Great intro we've worked on over these years, all these years.
This is what eight years of content creation with you has led to.
It's called.
What are you talking about?
You did this from moment one.
It's called a collaborative partnership.
You know what I mean?
Yeah.
It wouldn't be able to be done about you.
Yeah.
The fact that you keep doing it says a lot about us as people.
It feels new every time.
And that's saying something, isn't it?
If you have a home run, you hit it as much as you can.
Right.
Every time.
Never change the thing.
Never adapt.
Speaking of partnership, I got a post from our paranormal.
I want to read for you guys.
that kind of, I didn't expect today's episode to kind of also go into the realm of my episode
last week about kind of like making things real by believing in them.
But we dipped like the pinky toe into that at the end.
But along those lines, I found this the other day and I flagged it.
And then I forgot that I only had a one parter.
So I'm just going to do it anyway because it kind of has that flavor to it.
I was from our paranormal from educational basil.
the title of this post just cuts off.
So I'm just going to go in.
There's a trigger warning for abuse on this post,
but it's not so bad.
So here we go.
I've been thinking about sharing this for a while
because my mom has told this story the same way her whole life.
And I've never been able to figure out what it could have been.
She's a very straight edge, logical person who doesn't lie,
exaggerate or make things up.
So when she says this happened,
I believed her.
I believe her.
I feel like there are people like this,
by the way.
I feel like there are people that I,
just believe based on the way they are, which is.
I don't anymore.
I got tricked by that previous episode.
Yeah.
So I don't believe anyone no more.
Well, my mom was around four or five years old.
She was going through a very abusive situation.
Her father hurt her regularly and even let his friends abuse her too.
One day after a particularly bad beating, she was hiding in the closet, crying and
feeling completely alone.
She remembers feeling unloved, scared, and just.
was totally broken down.
That's when something appeared in her closet.
She says it was about her size at the time,
maybe four to five feet tall,
with the face of an old man and an upturned,
almost pig-like nose.
He told her it didn't have any friends either
and that it would be her friend.
From that moment on,
they basically spent all their time together.
They played with toys.
It's the squawk.
Yeah, they played with toys,
solve puzzles,
looked at books.
She remembers all.
of it very clearly and describes him as a real friend who made her feel less alone. It was protective
too. One time she wandered off into the woods near her home and it scolded her and brought her
back. Whenever adults were around, it would disappear. She said it would crawl under her bed and go
into the wall through a little door, but whenever she looked afterwards, the door wasn't there.
For a long time, my mom thought maybe it was something her brain created to help her survive
what she was going through. The only problem is the reason my grandma moved them out makes my mom
sound a lot less crazy. One day, my grandma was walking past my mom's room and heard my mom talking
to what she thought was herself until she clearly heard a grown man's voice answering her back.
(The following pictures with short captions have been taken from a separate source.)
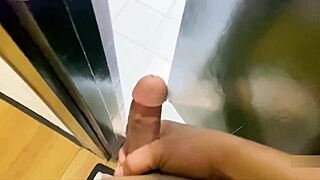 plump big ass wife fucked hard in bathroom by hubby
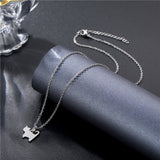 Animal Necklace Cute Kitten 304 Stainless Steel – Jewelry Gift Ideas — 5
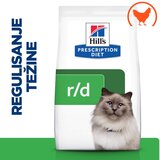 Hills prescription Diet Cat R/D Piletina 1,5kg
She rushed into the room, but no one was there. My mom told her about the little man,
and the very next day my grandma moved them out of that house. My mom remembers that last night,
clearly. She says the little man showed up one more time, angry and upset that she told her mother
about him. He said they couldn't be friends anymore. She never saw him again, but she still gets sad
thinking about him because, in her words, he was my closest friend back then, and I miss him.
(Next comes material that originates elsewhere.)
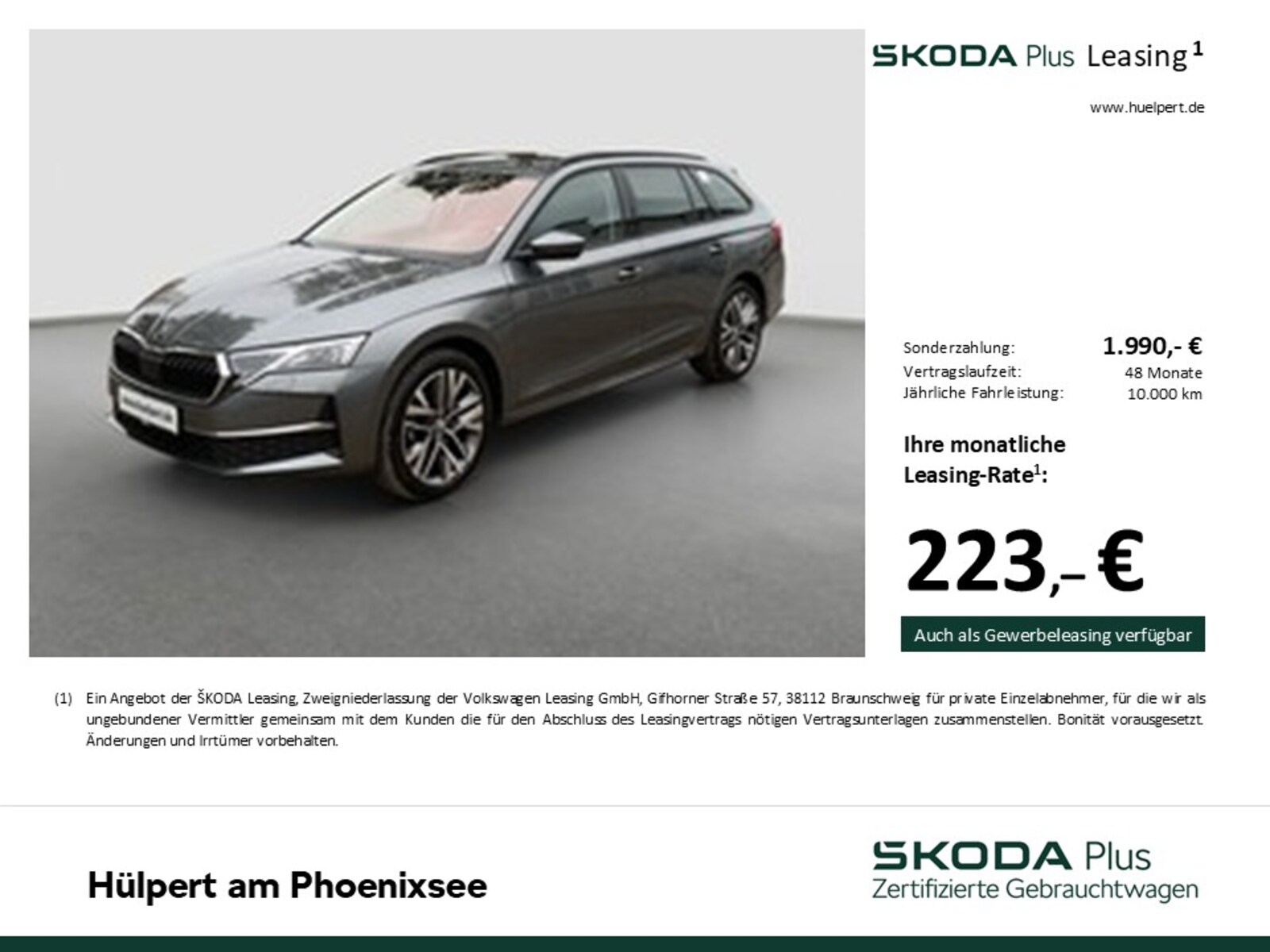 Škoda Octavia Combi – Bild 3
I'm not trying to jump to conclusions about what it was. I honestly don't know. Maybe it was some
kind of coping mechanism. But the way she describes it and the fact that my grandma heard a man's
voice has always made me wonder if something else was going on.
So I'm posting here to ask, has anyone ever heard of anything like this?
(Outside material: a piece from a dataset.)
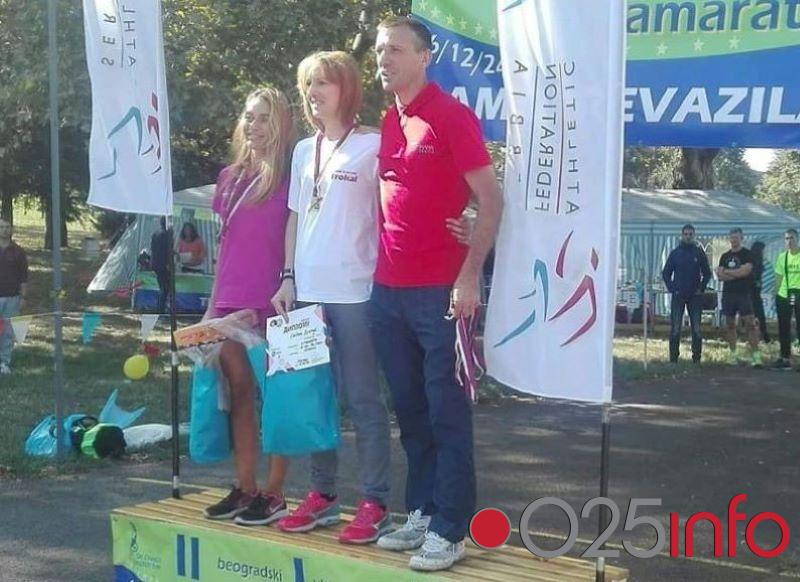 Dve zlatne medalje za apatinske atletičare na Prvenstvu Srbije u ultramaratonu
Something that appears during childhood trauma, interacts, hides from adults, talks with an
adult's voice, and then disappears for good once discovered.
I'm genuinely curious if anyone has experienced or heard of anything similar.
And that is the post.
Where did this happen?
this is um i don't know it said this person has kind of like a good command of english but that doesn't
really really mean that much i assumed american just based on the on the syntax but in the comments
um somebody says it sounds like a domovoi which is a slavic rooted household spirit um and a paranormal
researcher chain and scale chimed in and said i'm slavic and this came to mind but usually a domovoi
would want to go with a family if they moved.
Folklore says you also aren't supposed to see them,
and so long as you keep the house clean,
leave an offering once in a while and they'll be happy.
The attitude in the house, though, with the abuse,
would probably have made one beyond angry.
However, it probably would have made its dislike known visibly.
Perhaps it decided to forget the no contact rule
and allowed the daughter to see him.
It also wrinkly face, pig nose sounds like a squawk, dude.
Lonely?
The squawk sounds a little bit more thirsty or desperate.
For a friend,
it's a friend.
That's true.
I just,
shout to the squawk.
It's a good story.
One of my favorite cryptids.
I love the squawk.
He's one of my favorite story.
It has like imaginary friend,
but like book kind of imaginary friend
vibes.
Yeah.
Like there's like a fairy tale element
to it.
And a lot of people in the comments
are guessing that it was like some kind of like,
yeah, like third man syndrome or something
like that where you manifest to help her.
that's cool and you like do like red rum type stuff where you're like doing it yourself and you're
talking to yourself but it's like it genuinely feels like another person uh that's a good story
um i kind of want to do mine real quick because it ties to jesse's from last week if you're cool
with that oh okay how you talk about the universe and like they measure the universe and it's
another thing this is from a week and a half ago um another thing that's making people question
the scientist question uh whether the universe is like as we expected to be is that our solar
system is moving three times faster than previously thought.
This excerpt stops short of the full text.